Brown v. Gardner, 232 Ark. 197, 334 S.W.2d 889 (1960)

May 9, 1960 · Arkansas Supreme Court · 5-2124
232 Ark. 197, 334 S.W.2d 889

Brown v. Gardner.

5-2124

334 S. W. 2d 889

Opinion delivered May 9, 1960.

*198 Gordon <& Gordon, for appellant.

B. S. Dunn, for appellee.

Jim Johnson, Associate Justice.

This case involves the violation of an agreement which was made in order to accomplish the consolidation of two school districts.

In 1947 a majority of the qualified electors of Cherry Hill School District No. 21 of Perry County signed a petition requesting that that District he dissolved and the territory annexed to Perryville School District No. 7 of Perry County. Prior to the signing of the petition the electors and patrons of the Cherry Hill School District had an agreement with the School Board of the Perryville School District that a ward school with one teacher would he maintained at Cherry Hill schoolhouse so long as at least ten students were in average daily attendance at said ward school.

On August 26, 1947, the Perry County Board of Education entered its order dissolving the Cherry Hill District. In accordance with the agreement and the order of the County Board of Education, the School Board of the Perryville District continued to maintain the ward school at Cherry Hill until the opening of school on August 31, 1959. At that time the Perryville School Board refused to maintain the ward school at Cherry Hill and forced the students to attend school at Perryville.

The plaintiffs, who are qualified electors and patrons of Perryville School District No. 7, and also qualified electors and patrons of what was formerly Cherry Hill School District No. 21, filed suit against the Directors and Superintendent of the Perryville School District to require them to continue to operate the ward school at Cherry Hill, and in the alternative, asking that the order of the County Board of Education dissolving the Cherry Hill District and annexing said District to the Perryville District be set aside, and the Cherry Hill District be restored as it was prior to the order of the County Board of Education.

The defendants demurred to the complaint on the ground that the complaint, as amended, did not state *199a cause of action.
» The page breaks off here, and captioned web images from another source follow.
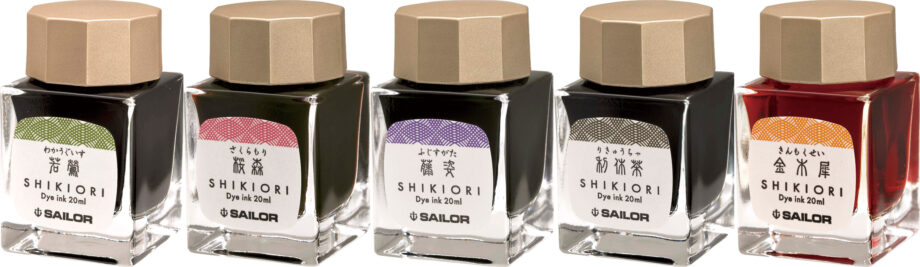Sailor Shikiori Tinten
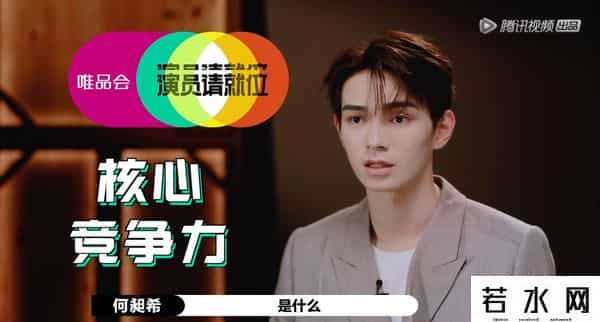 演员请就位2,《演员请就位2》:一个流量演员引发的导师血战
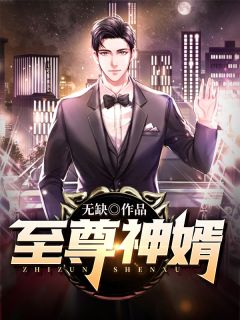 至尊神婿楚天歌项雨柔精彩内容在线阅读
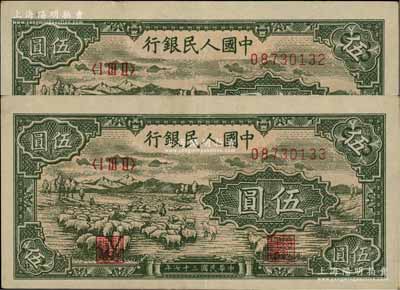 第一版人民幣“綿羊”伍圓共2枚連號，俄國藏家出品，九成新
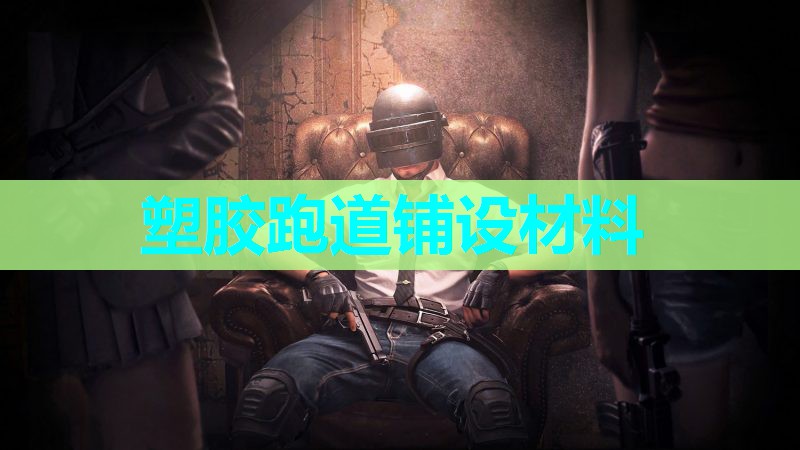塑胶跑道铺设材料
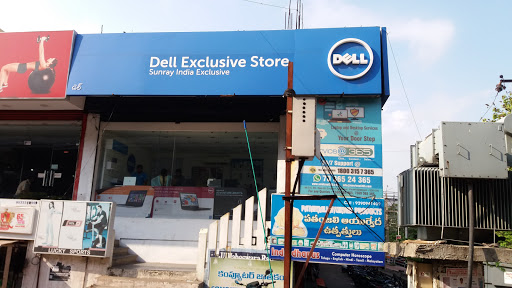 Dell Authorised Retailer - Sunray India, Gur Banga Complex, 10/12/1, Main Road, Diamond Park, Rednam, Alcazar, Opp SBI Main Branch, Rednam Gardens, Dondaparthy, Dwaraka Nagar, Visakhapatnam, Andhra Pradesh 530016, India, Map_shop, state AP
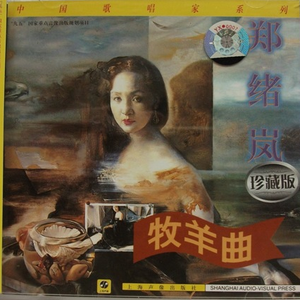 欧美国产巨大白寡妇在线
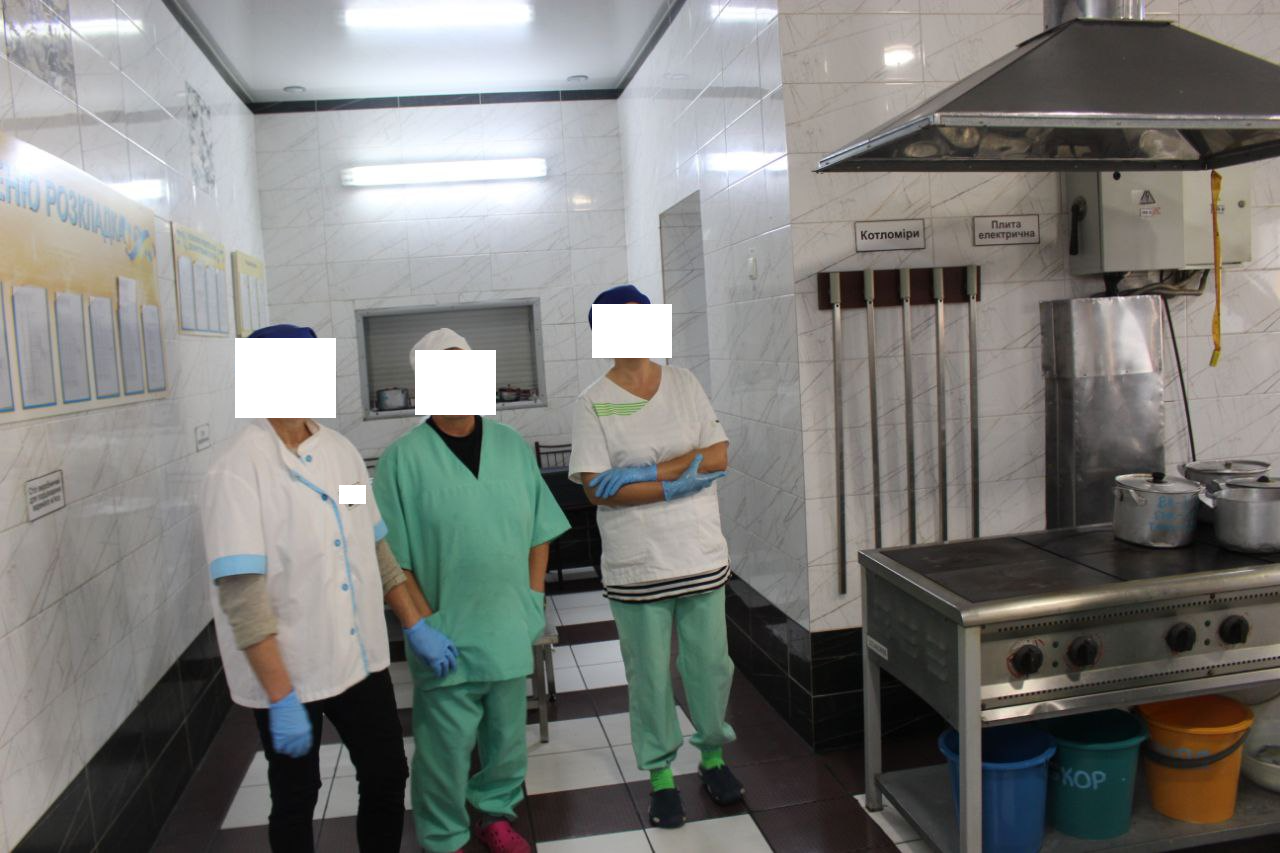 [Надержинщинська виправна колонія (№65)]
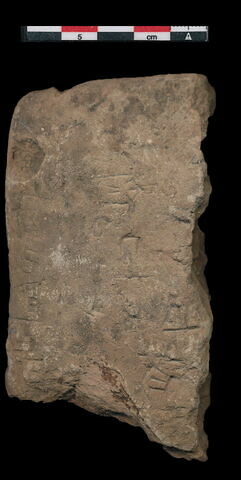 tablette, image 1/2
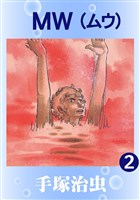 MW(カラー版) 2巻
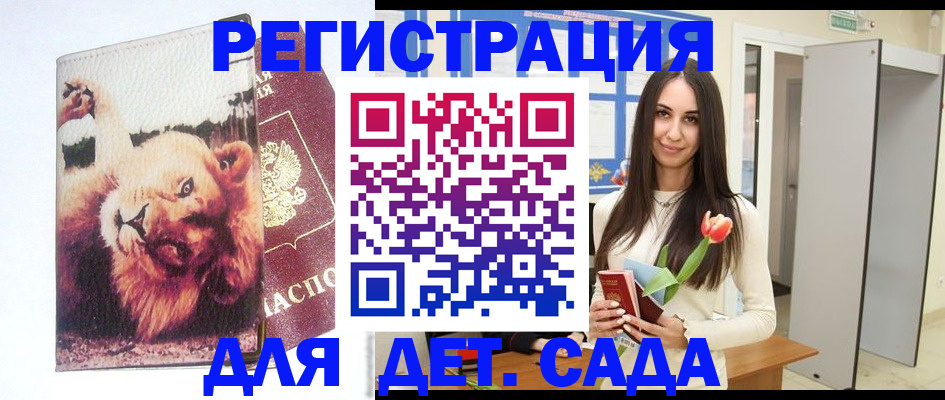 временная регистрация законно в Киреевске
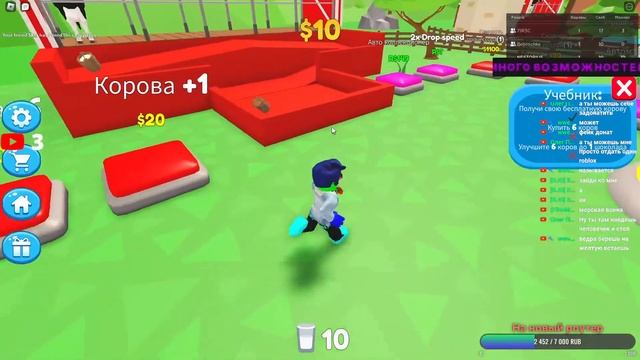 НЕ СМЕЙ ОТКРЫВАТЬ ЭТИ ДВЕРИ РОБЛОКС #roblox #роблокс #стрим смотреть онлайн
The Chancery Judge sustained the demurrer and dismissed the complaint. The plaintiffs bring this appeal alleging error by the trial court in sustaining the demurrer and dismissing the complaint.

The appellants urge that the agreement to operate the ward school at Cherry Hill was a condition to the annexation and that this agreement was made a part of the order of the County Board of Education when they dissolved the district. It is true that the agreement was made a part of the order of the County Board of Education. It is further true that ethics is on the side of appellants. Even so, our research reveals the cold letter of the law to be on the other side. This being so, we have no choice but to find contrary to appellants position. School District Directors can only enter into agreements which bind their districts and the inhabitants thereof by reason of express statutory authority. School District No. 18 of Jackson County v. Grubbs Special School District, 184 Ark. 863, 43 S. W. 2d 765. A person contracting with a Board of Education is presumed to know the limitations of its powers and can acquire no right by contract which said board is not clearly authorized to make. Rural Special School District No. 50 v. First National Bank, 173 Ark. 604, 292 S. W. 1012.

There is no statutory authority giving school directors the power to enter into contracts agreeing to maintain a school at a certain place indefinitely. The powers of school directors are conferred by law for public purposes, and the exercise thereof, involving as it does a matter of future policy properly subject to change to meet changing conditions, cannot be restricted by an agreement of the nature of the one here involved. To hold otherwise would create a school at Cherry Hill not subject to change by anyone as long as the condition is met.

Based upon this reasoning, appellants’ remaining contention that the action of the Perryville School Board is in the nature of a collateral attack on the order of annexation made by the County Board must also fail since the part of the order concerning the future opera*200tion of the Cherry Hill School was void because the School board possessed no authority to make the agreement.

Equity being bound to follow the law, we conclude that the decree of the Chancellor must be affirmed.